(Press Release) Bonn – The Alliance of Small Islands States, AOSIS, is adamant that developed countries heed the call to set up dedicated financing to assist Small Island Developing States (SIDS) that are ravaged by climate change impacts. This will be discussed at the 56th Session of the Subsidiary Bodies, held at the headquarters of the United Nations Framework Convention on Climate Change (UNFCCC) in Bonn from June 6th – 16th. These discussions will set the stage for key negotiations at the 27th UN Conference of the Parties (COP27) in November, when heads of government and policymakers will convene to address the critical global climate challenges.

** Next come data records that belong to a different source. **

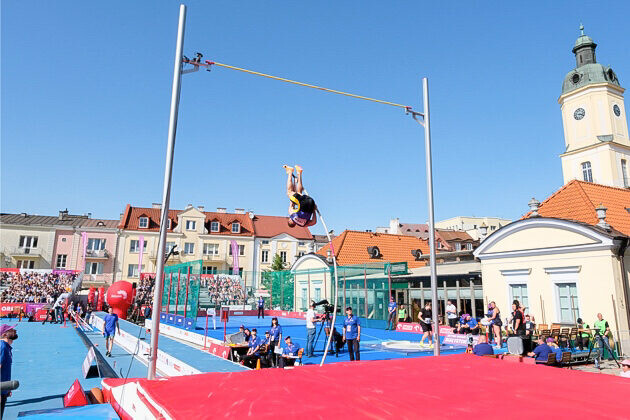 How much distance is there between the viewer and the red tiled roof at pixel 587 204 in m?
19.3

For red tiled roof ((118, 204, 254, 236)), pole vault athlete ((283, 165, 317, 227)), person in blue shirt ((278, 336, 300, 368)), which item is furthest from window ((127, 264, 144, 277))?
pole vault athlete ((283, 165, 317, 227))

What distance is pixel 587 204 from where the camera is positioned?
786 inches

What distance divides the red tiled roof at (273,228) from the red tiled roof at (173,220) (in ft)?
4.64

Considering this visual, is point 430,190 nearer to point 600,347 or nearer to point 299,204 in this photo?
point 299,204

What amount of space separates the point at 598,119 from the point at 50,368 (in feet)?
143

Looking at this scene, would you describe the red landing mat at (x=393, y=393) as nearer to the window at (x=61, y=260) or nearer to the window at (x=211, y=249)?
the window at (x=211, y=249)

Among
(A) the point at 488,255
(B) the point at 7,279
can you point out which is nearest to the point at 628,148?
(A) the point at 488,255

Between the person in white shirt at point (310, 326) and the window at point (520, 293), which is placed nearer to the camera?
the person in white shirt at point (310, 326)

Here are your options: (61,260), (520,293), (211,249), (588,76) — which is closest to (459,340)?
(520,293)

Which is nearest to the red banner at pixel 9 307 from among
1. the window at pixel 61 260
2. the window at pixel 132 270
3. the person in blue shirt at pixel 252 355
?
the window at pixel 132 270

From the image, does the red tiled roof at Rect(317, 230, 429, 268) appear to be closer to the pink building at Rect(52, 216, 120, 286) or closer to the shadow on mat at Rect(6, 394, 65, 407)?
the pink building at Rect(52, 216, 120, 286)

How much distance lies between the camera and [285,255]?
2247 inches

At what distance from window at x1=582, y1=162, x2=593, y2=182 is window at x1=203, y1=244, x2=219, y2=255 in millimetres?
41610

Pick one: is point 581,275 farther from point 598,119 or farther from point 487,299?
point 598,119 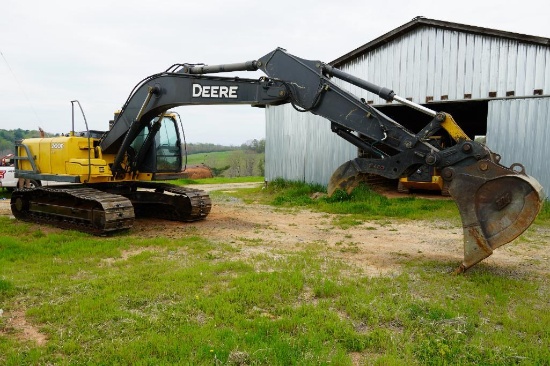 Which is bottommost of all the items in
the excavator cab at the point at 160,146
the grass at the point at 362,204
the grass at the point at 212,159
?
the grass at the point at 362,204

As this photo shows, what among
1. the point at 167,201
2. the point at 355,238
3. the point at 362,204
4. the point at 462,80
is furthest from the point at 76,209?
the point at 462,80

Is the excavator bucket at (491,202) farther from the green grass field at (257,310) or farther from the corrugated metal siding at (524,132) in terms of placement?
the corrugated metal siding at (524,132)

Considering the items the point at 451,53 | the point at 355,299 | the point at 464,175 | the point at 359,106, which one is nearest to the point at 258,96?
the point at 359,106

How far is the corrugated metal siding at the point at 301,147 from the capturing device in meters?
15.4

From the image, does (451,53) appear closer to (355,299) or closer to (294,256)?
(294,256)

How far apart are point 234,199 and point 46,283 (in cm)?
1064

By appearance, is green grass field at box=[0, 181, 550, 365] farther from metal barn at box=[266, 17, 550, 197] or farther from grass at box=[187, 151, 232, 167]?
grass at box=[187, 151, 232, 167]

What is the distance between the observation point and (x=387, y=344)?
12.9ft

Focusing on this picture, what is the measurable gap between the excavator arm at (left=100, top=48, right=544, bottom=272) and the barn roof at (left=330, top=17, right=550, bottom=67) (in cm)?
688

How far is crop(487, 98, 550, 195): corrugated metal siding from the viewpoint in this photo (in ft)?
38.4

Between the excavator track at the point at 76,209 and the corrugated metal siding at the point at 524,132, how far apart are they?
33.0 ft

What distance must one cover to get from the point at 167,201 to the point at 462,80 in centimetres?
898

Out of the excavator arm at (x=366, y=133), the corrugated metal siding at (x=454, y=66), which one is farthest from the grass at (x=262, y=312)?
the corrugated metal siding at (x=454, y=66)

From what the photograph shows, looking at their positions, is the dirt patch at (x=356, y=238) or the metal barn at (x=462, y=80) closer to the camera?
the dirt patch at (x=356, y=238) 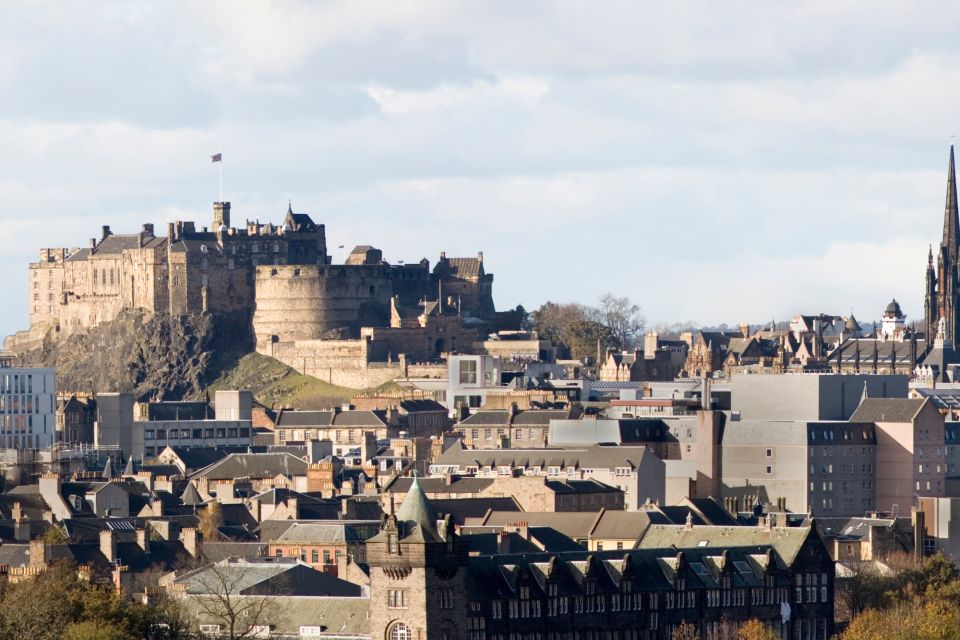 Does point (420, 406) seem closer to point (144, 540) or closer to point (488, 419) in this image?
point (488, 419)

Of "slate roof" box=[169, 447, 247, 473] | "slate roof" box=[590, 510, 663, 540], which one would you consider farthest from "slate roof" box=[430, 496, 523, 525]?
"slate roof" box=[169, 447, 247, 473]

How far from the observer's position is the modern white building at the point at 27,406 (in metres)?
185

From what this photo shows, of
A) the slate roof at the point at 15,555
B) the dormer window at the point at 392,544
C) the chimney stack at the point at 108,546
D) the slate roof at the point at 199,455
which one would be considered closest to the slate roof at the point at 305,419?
the slate roof at the point at 199,455

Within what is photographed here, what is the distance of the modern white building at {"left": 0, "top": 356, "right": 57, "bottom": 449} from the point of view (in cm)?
18490

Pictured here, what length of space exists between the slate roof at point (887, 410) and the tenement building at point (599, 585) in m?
40.6

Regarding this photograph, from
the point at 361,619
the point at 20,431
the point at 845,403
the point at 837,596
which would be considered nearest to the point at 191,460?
the point at 20,431

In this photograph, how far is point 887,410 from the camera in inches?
6097

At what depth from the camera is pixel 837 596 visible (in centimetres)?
11156

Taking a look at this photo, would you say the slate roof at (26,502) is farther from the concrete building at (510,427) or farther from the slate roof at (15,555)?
the concrete building at (510,427)

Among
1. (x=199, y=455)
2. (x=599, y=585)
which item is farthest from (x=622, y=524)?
(x=199, y=455)

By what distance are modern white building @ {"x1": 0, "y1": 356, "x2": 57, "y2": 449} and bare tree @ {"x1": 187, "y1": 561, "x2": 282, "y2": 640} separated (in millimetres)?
84844

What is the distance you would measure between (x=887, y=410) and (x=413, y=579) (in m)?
70.0

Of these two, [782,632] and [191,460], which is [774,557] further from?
[191,460]

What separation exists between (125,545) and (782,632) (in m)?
26.2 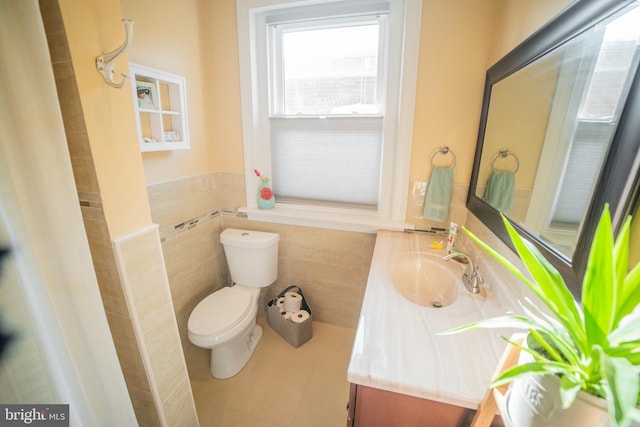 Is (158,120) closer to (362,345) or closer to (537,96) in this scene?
(362,345)

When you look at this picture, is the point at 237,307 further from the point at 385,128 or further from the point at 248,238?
the point at 385,128

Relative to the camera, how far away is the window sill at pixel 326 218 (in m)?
1.70

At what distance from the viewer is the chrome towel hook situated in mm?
718

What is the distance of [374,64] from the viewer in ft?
5.31

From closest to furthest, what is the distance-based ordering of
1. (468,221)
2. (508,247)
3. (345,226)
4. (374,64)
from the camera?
(508,247), (468,221), (374,64), (345,226)

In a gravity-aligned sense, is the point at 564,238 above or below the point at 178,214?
above

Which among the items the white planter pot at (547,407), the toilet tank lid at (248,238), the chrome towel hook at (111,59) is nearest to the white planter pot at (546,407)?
the white planter pot at (547,407)

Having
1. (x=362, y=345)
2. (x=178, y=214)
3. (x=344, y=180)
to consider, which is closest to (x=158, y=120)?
(x=178, y=214)

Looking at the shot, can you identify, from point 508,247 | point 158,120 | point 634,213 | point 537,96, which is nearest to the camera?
point 634,213

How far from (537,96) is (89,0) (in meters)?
1.42

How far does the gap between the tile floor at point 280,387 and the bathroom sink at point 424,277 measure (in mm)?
782

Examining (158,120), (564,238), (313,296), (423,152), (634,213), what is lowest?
(313,296)

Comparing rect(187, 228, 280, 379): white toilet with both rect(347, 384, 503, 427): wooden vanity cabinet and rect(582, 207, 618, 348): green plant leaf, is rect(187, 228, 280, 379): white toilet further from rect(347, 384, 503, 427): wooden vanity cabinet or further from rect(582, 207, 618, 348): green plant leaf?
rect(582, 207, 618, 348): green plant leaf

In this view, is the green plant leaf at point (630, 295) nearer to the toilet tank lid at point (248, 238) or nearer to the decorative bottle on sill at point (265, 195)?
the toilet tank lid at point (248, 238) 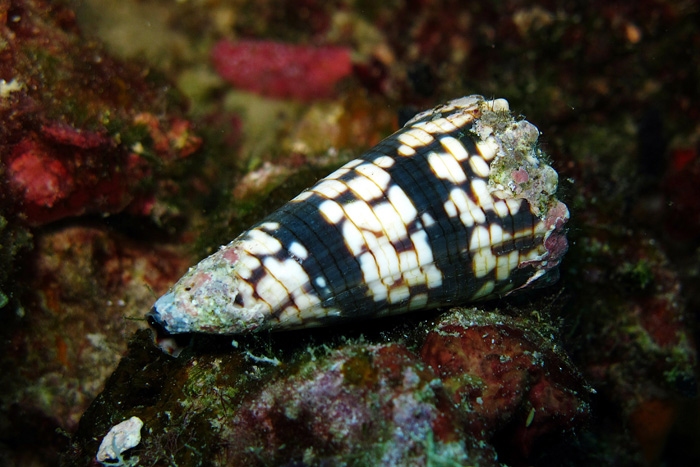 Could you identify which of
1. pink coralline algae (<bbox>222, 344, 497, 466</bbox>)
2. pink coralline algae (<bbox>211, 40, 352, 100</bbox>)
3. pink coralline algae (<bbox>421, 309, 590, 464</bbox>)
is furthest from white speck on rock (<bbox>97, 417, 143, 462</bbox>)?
pink coralline algae (<bbox>211, 40, 352, 100</bbox>)

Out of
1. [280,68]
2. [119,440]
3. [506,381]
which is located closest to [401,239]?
[506,381]

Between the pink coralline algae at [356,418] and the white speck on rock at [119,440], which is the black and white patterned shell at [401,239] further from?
the white speck on rock at [119,440]

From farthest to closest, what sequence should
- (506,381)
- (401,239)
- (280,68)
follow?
(280,68) < (401,239) < (506,381)

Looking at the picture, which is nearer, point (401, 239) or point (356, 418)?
point (356, 418)

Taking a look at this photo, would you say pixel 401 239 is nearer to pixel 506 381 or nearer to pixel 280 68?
pixel 506 381

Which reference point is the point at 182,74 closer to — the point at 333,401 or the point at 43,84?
the point at 43,84

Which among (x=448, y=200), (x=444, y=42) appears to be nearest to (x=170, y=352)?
(x=448, y=200)

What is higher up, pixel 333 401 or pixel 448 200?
pixel 448 200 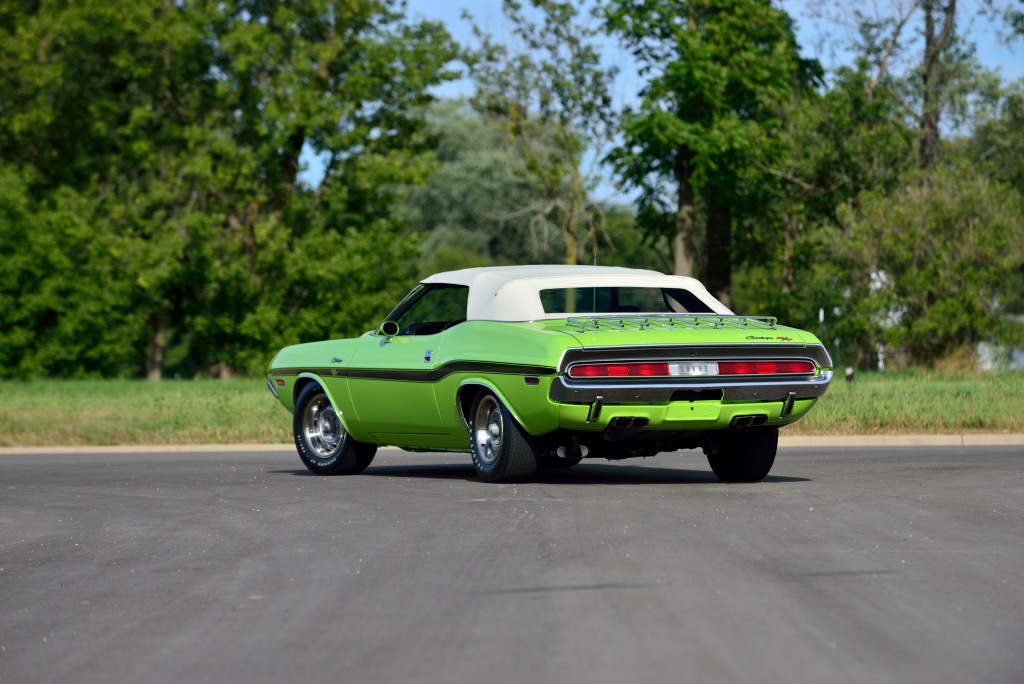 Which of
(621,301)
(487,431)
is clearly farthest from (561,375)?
(621,301)

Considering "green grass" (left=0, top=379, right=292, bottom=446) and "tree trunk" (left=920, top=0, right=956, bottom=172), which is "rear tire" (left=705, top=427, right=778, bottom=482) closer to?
"green grass" (left=0, top=379, right=292, bottom=446)

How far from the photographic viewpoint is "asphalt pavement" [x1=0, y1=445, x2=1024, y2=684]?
5.73 m

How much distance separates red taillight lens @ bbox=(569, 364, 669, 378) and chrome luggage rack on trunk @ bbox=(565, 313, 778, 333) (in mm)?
337

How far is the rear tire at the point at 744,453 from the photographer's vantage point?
1239 centimetres

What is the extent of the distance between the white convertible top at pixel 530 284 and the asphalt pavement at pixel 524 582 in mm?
1344

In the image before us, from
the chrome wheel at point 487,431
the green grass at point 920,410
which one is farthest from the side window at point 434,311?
the green grass at point 920,410

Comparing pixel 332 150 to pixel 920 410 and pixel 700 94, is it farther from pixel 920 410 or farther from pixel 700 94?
pixel 920 410

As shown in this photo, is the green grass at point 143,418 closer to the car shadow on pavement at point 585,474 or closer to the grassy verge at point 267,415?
the grassy verge at point 267,415

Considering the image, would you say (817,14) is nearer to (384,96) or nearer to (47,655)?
(384,96)

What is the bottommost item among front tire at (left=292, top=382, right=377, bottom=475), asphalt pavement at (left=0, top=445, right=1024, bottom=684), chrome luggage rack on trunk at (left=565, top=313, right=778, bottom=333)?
asphalt pavement at (left=0, top=445, right=1024, bottom=684)

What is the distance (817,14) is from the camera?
45094mm

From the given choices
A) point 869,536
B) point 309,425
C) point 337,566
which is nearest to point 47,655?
point 337,566

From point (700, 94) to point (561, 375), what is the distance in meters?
29.1

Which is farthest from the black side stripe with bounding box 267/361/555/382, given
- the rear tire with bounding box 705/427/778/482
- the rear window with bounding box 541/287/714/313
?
the rear tire with bounding box 705/427/778/482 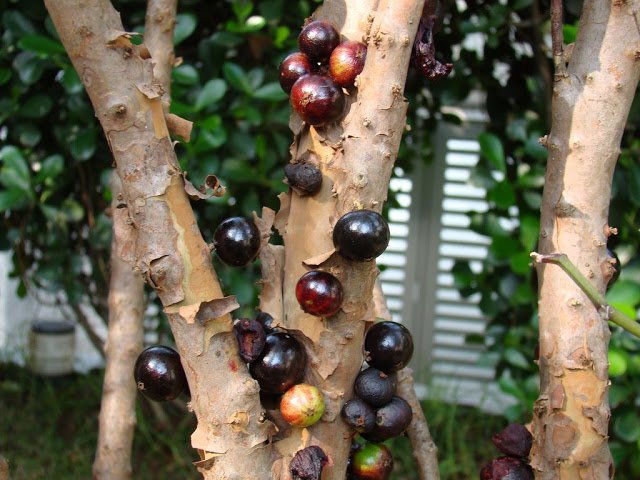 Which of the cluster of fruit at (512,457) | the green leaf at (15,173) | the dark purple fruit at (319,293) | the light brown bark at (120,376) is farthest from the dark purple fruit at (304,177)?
the green leaf at (15,173)

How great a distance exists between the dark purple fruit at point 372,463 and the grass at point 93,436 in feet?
5.18

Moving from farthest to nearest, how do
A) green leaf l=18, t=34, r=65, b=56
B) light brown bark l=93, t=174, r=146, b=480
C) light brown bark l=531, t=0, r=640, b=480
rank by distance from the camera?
green leaf l=18, t=34, r=65, b=56 → light brown bark l=93, t=174, r=146, b=480 → light brown bark l=531, t=0, r=640, b=480

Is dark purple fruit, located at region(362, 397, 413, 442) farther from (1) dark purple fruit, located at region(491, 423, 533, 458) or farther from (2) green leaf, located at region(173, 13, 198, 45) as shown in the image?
(2) green leaf, located at region(173, 13, 198, 45)

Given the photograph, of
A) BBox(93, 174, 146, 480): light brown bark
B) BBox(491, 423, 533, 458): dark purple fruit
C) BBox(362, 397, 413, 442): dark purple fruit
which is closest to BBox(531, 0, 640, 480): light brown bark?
BBox(491, 423, 533, 458): dark purple fruit

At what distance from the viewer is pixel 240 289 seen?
2.19m

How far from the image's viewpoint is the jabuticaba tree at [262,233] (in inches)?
35.5

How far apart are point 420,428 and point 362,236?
0.44m

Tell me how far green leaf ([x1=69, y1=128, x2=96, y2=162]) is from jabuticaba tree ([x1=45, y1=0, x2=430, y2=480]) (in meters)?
1.25

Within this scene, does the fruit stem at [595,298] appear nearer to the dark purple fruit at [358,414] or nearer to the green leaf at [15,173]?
the dark purple fruit at [358,414]

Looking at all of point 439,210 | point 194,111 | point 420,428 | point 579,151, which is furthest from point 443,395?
point 579,151

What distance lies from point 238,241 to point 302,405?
0.25 m

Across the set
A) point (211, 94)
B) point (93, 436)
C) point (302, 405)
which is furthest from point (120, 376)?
point (93, 436)

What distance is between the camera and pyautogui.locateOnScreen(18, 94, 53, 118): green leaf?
218 centimetres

As negotiations climaxed at COP26 in the UK last year, AOSIS was leading the charge for countries to create a concrete loss and damage financing facility, a transformative move that would have given SIDS the opportunity to recover from climate disasters without onerous debt burdens. However, in the interest of coming to an agreement to limit global warming to 1.5°C, AOSIS made a significant concession after being given a take it or leave deal for the creation of the “Glasgow Dialogue” on funding arrangements to address loss and damage. Though dissatisfied with the final text of the Glasgow Dialogue, AOSIS is committed to participate constructively in the dialogue, which begins on 7 June, through to a clear destination of real action to safeguard SIDS threatened by climate impacts.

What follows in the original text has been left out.